Globe artichokes are among the most beautiful of vegetables - witness
their frequent appearance in still-life paintings. And for fineness
of flavour and texture, they rank alongside that other luxury
vegetable, asparagus. Yet fresh artichokes are greatly underused in
this country and many people are only acquainted with the inferior
tinned version, which is about as much like the real thing as tinned
asparagus is like fresh. Globe artichokes are in season now and well
worth seeking out. Besides their culinary virtues, they have
health-food status, being low in kilojoules (about 90 kJ per I 00 g)
and a source of various vitamins and minerals.
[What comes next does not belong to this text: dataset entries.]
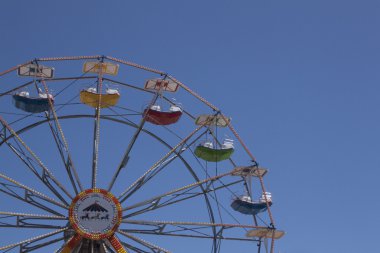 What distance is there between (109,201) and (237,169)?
6363 millimetres

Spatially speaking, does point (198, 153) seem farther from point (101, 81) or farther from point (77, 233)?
point (77, 233)

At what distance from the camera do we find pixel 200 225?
91.8 ft

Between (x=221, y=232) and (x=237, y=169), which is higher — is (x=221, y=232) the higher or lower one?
the lower one

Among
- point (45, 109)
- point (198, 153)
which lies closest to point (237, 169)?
point (198, 153)

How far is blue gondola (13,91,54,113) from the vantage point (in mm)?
29406

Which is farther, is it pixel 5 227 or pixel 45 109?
pixel 45 109

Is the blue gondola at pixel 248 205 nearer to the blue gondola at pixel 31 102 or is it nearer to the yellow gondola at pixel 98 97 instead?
the yellow gondola at pixel 98 97

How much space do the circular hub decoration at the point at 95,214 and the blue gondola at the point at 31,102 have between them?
16.9 ft

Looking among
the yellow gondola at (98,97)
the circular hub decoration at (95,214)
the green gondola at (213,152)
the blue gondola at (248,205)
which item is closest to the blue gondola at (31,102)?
the yellow gondola at (98,97)

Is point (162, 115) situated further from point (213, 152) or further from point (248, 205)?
point (248, 205)

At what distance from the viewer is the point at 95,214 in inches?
1023

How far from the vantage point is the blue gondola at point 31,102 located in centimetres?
2941

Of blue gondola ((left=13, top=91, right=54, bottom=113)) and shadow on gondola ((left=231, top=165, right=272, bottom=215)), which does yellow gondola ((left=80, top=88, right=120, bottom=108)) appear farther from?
shadow on gondola ((left=231, top=165, right=272, bottom=215))

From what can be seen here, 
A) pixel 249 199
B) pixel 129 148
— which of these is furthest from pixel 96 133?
pixel 249 199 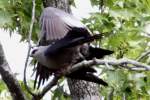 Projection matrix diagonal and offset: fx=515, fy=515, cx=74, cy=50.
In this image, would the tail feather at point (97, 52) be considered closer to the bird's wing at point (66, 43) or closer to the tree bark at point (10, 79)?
the bird's wing at point (66, 43)

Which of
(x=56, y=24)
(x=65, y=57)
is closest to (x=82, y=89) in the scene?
(x=65, y=57)

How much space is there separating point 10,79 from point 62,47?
0.30 metres

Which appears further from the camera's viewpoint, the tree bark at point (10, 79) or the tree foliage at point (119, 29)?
the tree foliage at point (119, 29)

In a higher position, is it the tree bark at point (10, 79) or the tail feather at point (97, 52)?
the tail feather at point (97, 52)

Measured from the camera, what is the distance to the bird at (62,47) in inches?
101

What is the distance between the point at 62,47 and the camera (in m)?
2.59

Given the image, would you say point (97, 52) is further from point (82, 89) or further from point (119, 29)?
point (82, 89)

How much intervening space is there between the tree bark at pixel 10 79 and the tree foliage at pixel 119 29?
0.28 metres

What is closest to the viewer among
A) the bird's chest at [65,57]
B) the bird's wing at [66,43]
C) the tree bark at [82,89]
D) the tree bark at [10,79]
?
the bird's wing at [66,43]

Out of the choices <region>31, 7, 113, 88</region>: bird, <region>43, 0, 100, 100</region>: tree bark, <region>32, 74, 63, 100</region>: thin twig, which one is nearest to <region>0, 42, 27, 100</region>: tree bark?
<region>32, 74, 63, 100</region>: thin twig

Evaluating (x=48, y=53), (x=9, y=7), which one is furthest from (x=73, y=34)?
(x=9, y=7)

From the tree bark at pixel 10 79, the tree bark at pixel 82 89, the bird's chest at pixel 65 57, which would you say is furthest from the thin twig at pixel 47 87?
the tree bark at pixel 82 89

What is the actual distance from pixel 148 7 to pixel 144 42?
39 centimetres

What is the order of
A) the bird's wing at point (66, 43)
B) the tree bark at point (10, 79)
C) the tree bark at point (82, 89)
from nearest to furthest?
the bird's wing at point (66, 43) < the tree bark at point (10, 79) < the tree bark at point (82, 89) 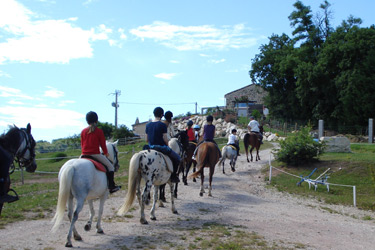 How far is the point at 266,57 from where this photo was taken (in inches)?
2026

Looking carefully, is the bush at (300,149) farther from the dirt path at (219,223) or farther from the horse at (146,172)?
the horse at (146,172)

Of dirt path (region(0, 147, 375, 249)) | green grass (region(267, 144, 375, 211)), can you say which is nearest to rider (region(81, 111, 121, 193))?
dirt path (region(0, 147, 375, 249))

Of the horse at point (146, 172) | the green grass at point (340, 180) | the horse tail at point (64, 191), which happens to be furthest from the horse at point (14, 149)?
the green grass at point (340, 180)

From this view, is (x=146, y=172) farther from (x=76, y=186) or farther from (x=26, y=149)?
(x=26, y=149)

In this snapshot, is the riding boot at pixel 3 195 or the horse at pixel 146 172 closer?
the riding boot at pixel 3 195

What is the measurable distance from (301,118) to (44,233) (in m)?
44.1

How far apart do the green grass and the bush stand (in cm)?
44

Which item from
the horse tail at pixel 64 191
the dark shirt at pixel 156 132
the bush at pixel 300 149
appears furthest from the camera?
the bush at pixel 300 149

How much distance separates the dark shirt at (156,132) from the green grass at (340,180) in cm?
856

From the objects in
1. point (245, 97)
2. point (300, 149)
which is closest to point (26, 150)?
point (300, 149)

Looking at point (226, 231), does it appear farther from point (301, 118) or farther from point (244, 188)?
point (301, 118)

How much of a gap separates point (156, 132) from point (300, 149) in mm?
12247

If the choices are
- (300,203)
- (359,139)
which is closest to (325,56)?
(359,139)

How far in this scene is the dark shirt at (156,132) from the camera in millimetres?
9555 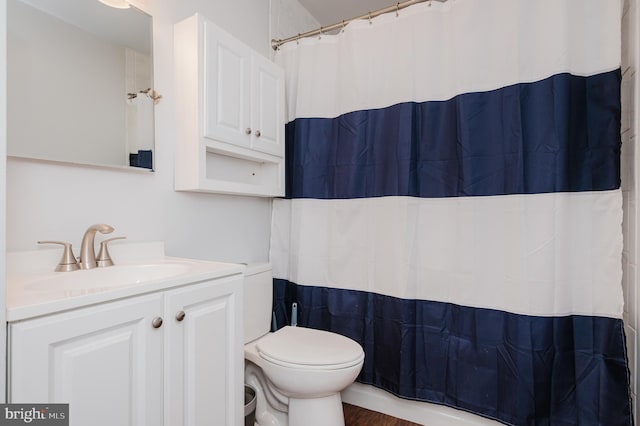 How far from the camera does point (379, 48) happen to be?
1.72m

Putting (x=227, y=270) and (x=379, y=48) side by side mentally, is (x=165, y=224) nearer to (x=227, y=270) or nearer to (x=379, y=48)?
(x=227, y=270)

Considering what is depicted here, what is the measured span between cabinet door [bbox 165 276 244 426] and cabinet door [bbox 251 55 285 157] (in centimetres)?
86

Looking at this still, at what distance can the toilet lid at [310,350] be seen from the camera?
132cm

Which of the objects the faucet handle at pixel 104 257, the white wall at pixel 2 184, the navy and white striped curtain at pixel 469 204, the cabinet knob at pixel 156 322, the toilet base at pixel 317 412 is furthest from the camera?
the toilet base at pixel 317 412

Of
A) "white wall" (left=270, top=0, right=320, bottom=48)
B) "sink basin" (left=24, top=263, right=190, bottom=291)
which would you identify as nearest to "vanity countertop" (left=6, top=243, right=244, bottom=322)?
"sink basin" (left=24, top=263, right=190, bottom=291)

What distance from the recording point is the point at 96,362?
29.5 inches

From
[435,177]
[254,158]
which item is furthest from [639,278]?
[254,158]

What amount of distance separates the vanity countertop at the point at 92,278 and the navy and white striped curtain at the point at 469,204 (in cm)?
83

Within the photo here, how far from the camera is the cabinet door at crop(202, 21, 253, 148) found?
4.61ft

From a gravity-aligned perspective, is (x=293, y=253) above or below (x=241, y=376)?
above

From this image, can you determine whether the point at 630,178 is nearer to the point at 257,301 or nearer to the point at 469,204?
the point at 469,204

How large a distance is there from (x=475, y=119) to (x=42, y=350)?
5.44 ft

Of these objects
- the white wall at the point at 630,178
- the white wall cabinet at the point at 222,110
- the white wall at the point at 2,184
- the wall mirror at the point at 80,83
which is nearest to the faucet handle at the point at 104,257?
the wall mirror at the point at 80,83

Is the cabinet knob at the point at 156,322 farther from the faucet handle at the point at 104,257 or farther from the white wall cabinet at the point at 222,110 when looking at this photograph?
the white wall cabinet at the point at 222,110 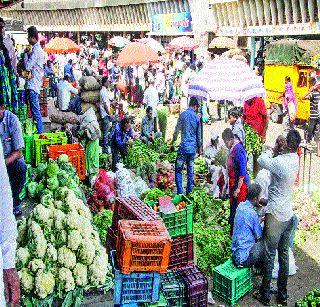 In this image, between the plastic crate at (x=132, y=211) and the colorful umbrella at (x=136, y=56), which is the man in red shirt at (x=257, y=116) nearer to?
the plastic crate at (x=132, y=211)

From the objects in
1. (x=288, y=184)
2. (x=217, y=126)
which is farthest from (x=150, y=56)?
(x=288, y=184)

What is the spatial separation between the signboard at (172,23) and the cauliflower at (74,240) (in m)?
29.7

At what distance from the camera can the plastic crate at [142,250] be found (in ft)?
14.8

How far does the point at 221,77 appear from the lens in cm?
917

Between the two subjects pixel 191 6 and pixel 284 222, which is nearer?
pixel 284 222

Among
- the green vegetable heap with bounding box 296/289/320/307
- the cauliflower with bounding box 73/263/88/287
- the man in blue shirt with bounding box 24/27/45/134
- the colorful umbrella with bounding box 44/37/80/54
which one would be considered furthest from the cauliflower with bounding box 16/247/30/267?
the colorful umbrella with bounding box 44/37/80/54

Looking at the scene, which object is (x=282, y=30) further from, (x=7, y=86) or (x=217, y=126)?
(x=7, y=86)

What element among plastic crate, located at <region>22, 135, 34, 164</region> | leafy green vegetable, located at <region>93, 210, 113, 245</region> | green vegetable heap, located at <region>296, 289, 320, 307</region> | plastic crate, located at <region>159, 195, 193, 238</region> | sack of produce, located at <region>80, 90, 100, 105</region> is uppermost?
sack of produce, located at <region>80, 90, 100, 105</region>

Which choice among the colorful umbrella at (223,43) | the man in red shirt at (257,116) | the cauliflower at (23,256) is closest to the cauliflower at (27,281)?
the cauliflower at (23,256)

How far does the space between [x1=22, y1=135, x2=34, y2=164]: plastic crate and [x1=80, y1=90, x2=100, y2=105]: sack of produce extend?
8.91ft

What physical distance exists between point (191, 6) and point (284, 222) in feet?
94.1

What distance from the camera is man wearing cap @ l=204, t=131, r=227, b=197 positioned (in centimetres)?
906

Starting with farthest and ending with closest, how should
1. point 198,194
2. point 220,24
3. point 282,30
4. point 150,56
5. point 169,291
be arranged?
1. point 220,24
2. point 282,30
3. point 150,56
4. point 198,194
5. point 169,291

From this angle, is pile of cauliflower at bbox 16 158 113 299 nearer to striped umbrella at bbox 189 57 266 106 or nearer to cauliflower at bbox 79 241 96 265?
cauliflower at bbox 79 241 96 265
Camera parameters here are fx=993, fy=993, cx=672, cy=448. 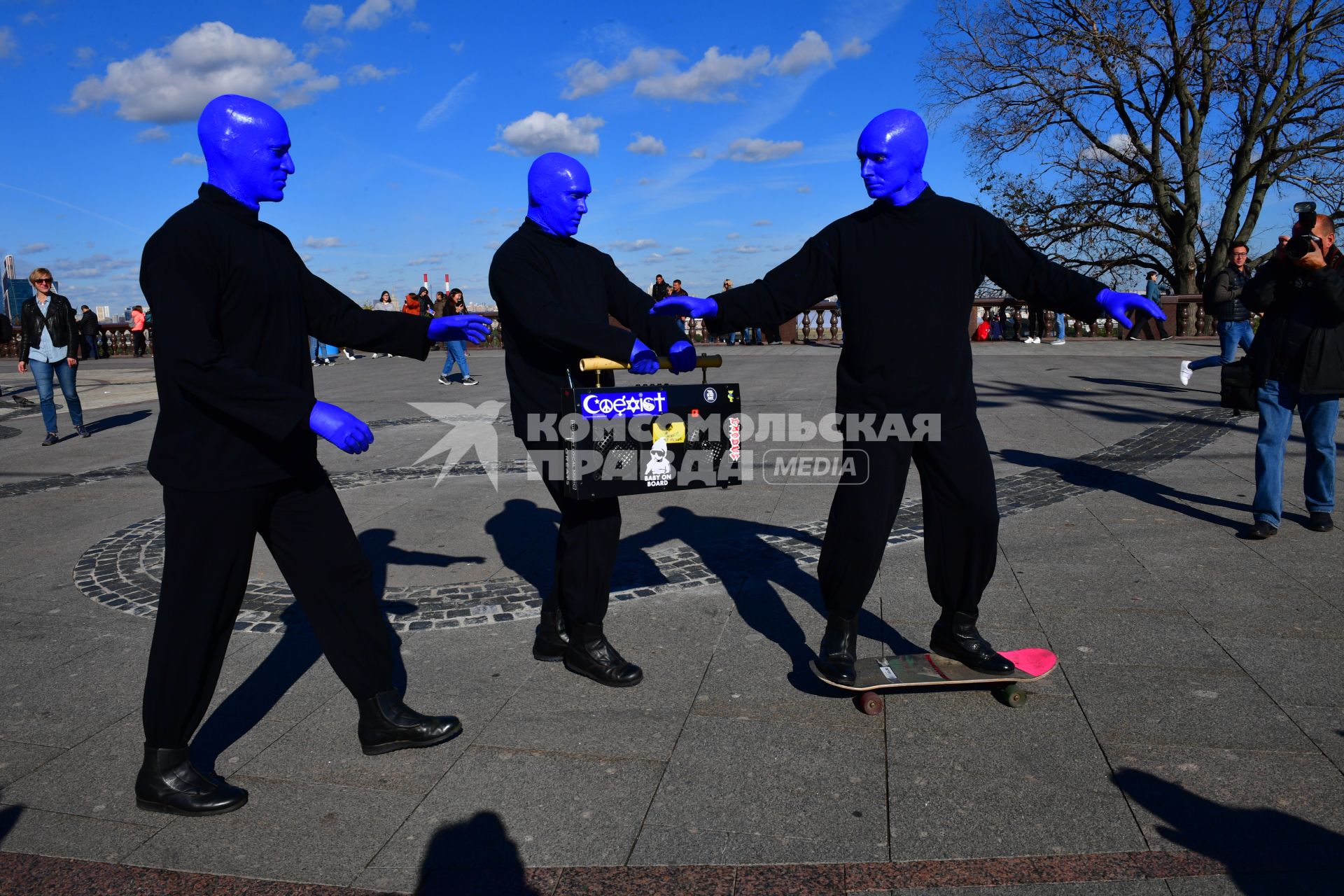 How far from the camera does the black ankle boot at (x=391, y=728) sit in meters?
3.33

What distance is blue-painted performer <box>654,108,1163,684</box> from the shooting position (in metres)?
3.40

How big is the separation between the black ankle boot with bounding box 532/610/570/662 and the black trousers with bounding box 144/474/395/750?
92cm

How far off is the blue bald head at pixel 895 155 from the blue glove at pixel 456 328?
1.46 metres

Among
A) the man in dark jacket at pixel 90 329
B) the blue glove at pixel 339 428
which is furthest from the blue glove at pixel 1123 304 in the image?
the man in dark jacket at pixel 90 329

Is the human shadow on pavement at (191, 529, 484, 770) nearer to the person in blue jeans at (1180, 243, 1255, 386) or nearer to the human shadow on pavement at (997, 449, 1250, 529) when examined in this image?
the human shadow on pavement at (997, 449, 1250, 529)

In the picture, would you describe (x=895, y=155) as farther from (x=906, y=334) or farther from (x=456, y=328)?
(x=456, y=328)

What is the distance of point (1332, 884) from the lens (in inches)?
94.7

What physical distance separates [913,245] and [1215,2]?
29017mm

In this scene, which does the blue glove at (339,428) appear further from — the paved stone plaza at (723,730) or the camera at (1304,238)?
the camera at (1304,238)

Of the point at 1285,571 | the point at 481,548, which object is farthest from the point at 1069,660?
the point at 481,548

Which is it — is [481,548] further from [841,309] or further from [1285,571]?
[1285,571]

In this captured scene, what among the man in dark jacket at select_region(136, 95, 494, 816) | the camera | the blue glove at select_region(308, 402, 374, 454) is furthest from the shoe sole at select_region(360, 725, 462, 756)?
the camera

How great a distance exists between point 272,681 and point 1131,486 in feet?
19.8

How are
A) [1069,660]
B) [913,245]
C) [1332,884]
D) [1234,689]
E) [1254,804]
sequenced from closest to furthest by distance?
1. [1332,884]
2. [1254,804]
3. [913,245]
4. [1234,689]
5. [1069,660] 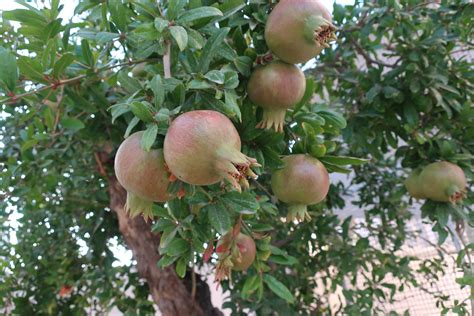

At present, they cost
about 60c to 80c each, though Raw Materials recently saw some
magnificently fat specimens for $2 each in Leichhardt, where the
Italian community knows how to appreciate them. They are said to have
originated in Sicily and certainly they were developed into their
modern form by Italian growers. Botanically, globe artichokes are
thistle buds. Choose tightly furled artichokes which are as fat as
possible. They will keep for a few days in the fridge, lightly
wrapped in plastic, and even better if their stems are in water.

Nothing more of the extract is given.